TO DO: In the entries that follow, locate the line with "New genuine Battery", then restate that line and all later lines exactly as they appear, leaving pictures out.

[[ RECORDS SUPPLIED, beginning ]]

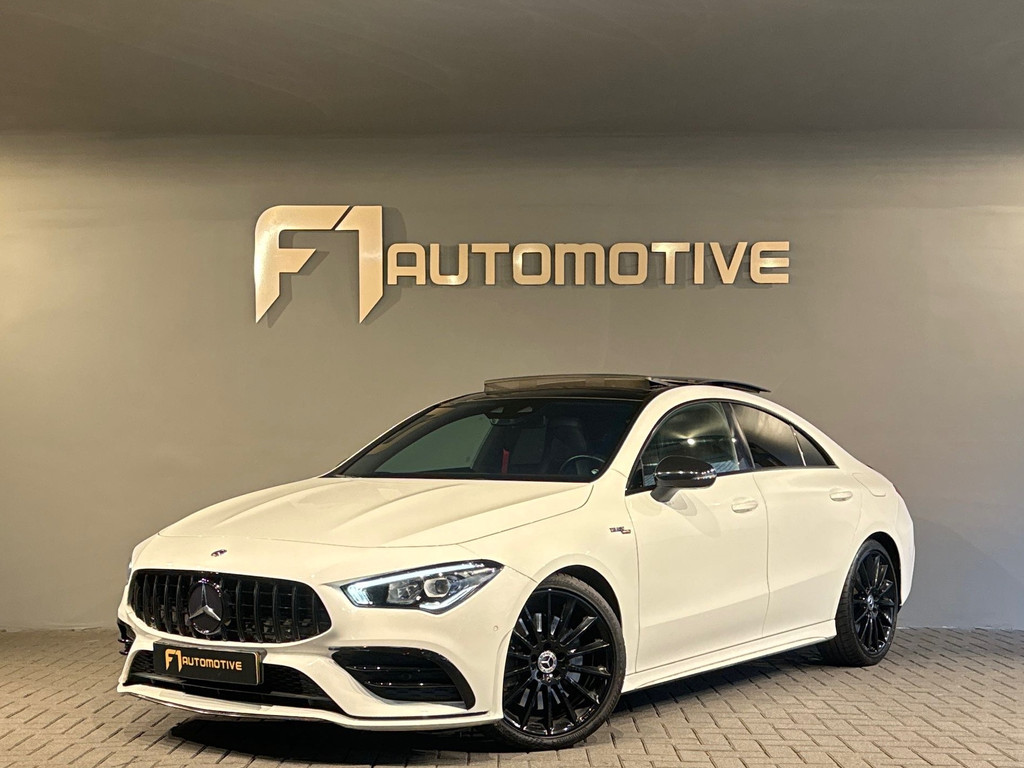 Mercedes-Benz CLA 220 AMG Pano|Sfeer|Camera|Nightpakket 50231004-0.jpg | F1 Automotive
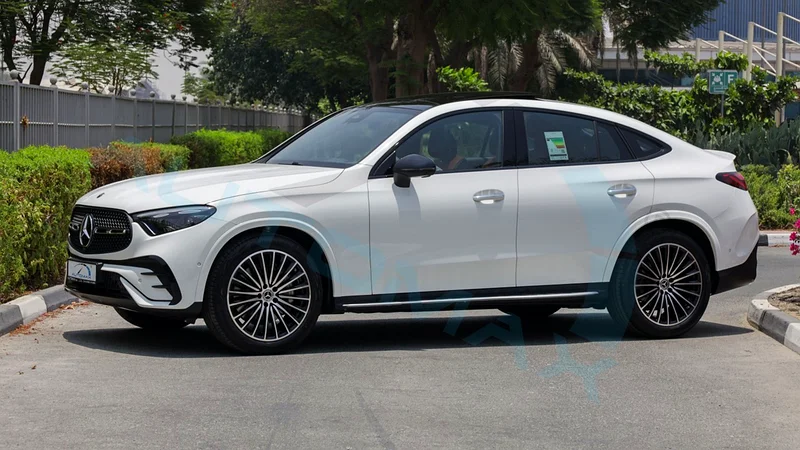( 5 Years Or 105K KM Warranty @Official Dealer) 2025 Mercedes-Benz GLC 200 COUPE 4MATIC GCC 0Km63146291721729111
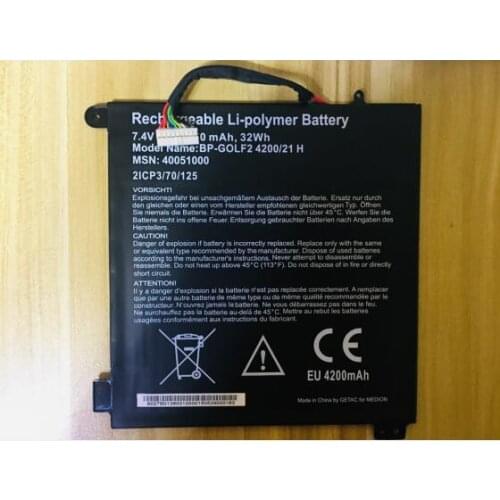 New genuine Battery for Acer Aspire One Cloudbook AO1-131 AO1-131M 2ICP4/70/125 7.4V 32.19WH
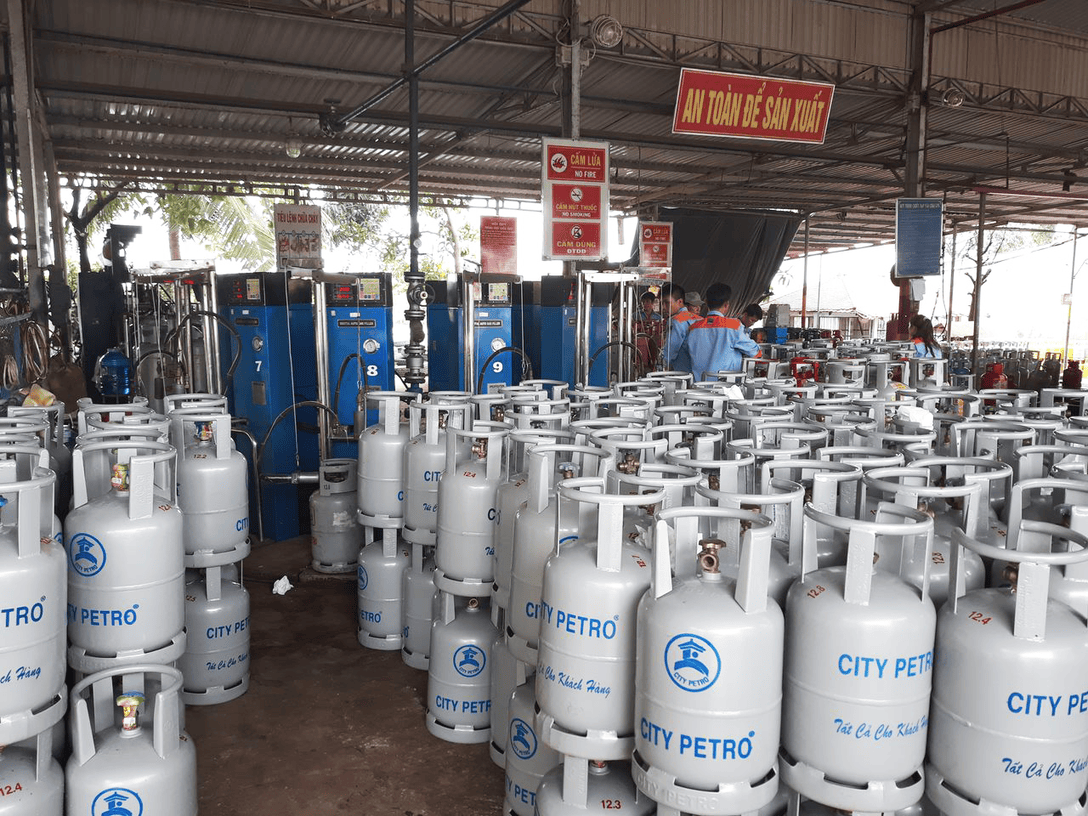 Chiết Nạp Gia Công LPG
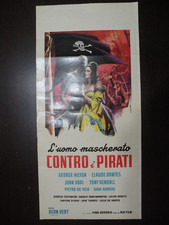 locandina L'UOMO MASCHERATO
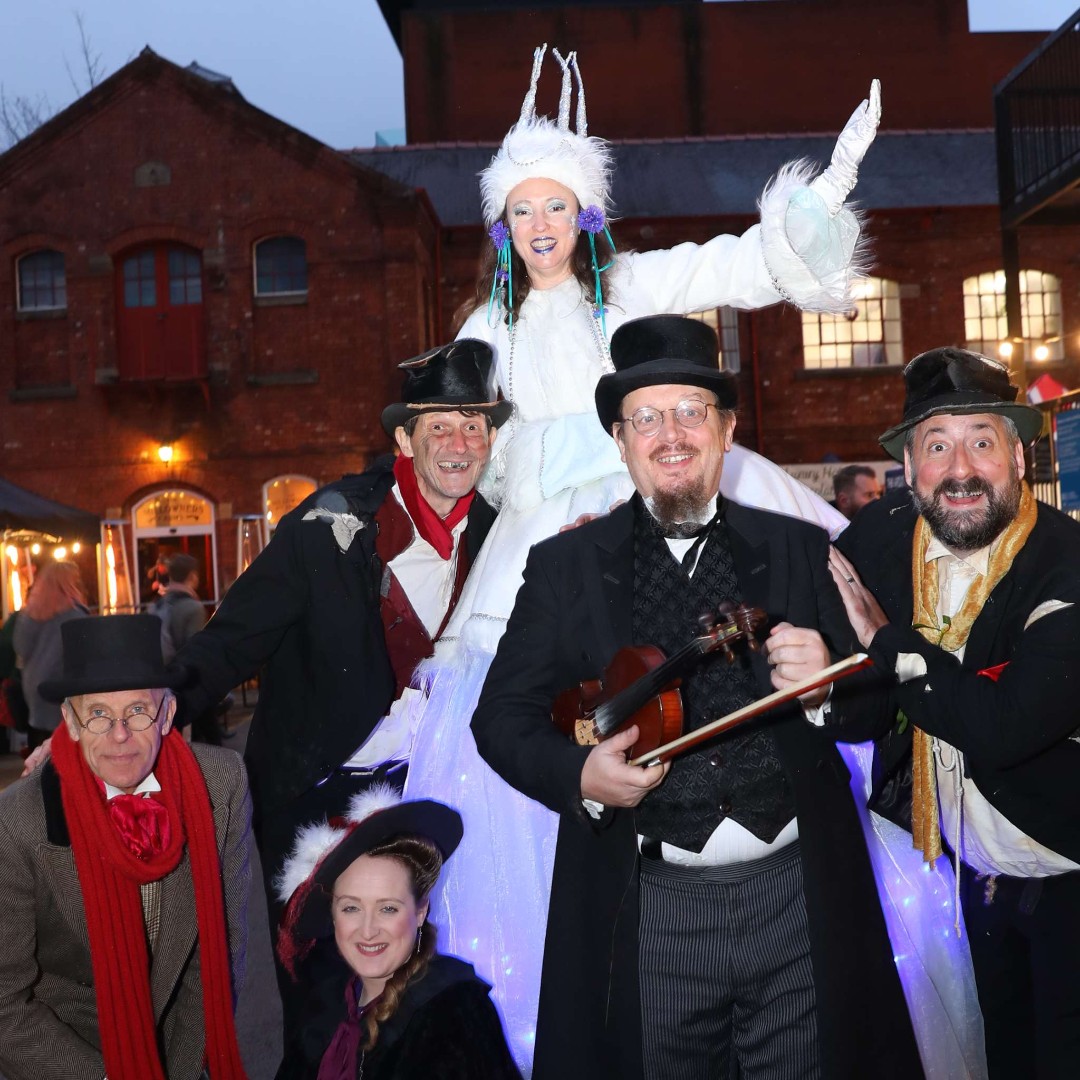 Just one more sleep! 🗓✨🎄❄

[[ RECORDS SUPPLIED, end ]]

ANSWER TO THIS EXERCISE:
 New genuine Battery for Acer Aspire One Cloudbook AO1-131 AO1-131M 2ICP4/70/125 7.4V 32.19WH
 Chiết Nạp Gia Công LPG
 locandina L'UOMO MASCHERATO
 Just one more sleep! 🗓✨🎄❄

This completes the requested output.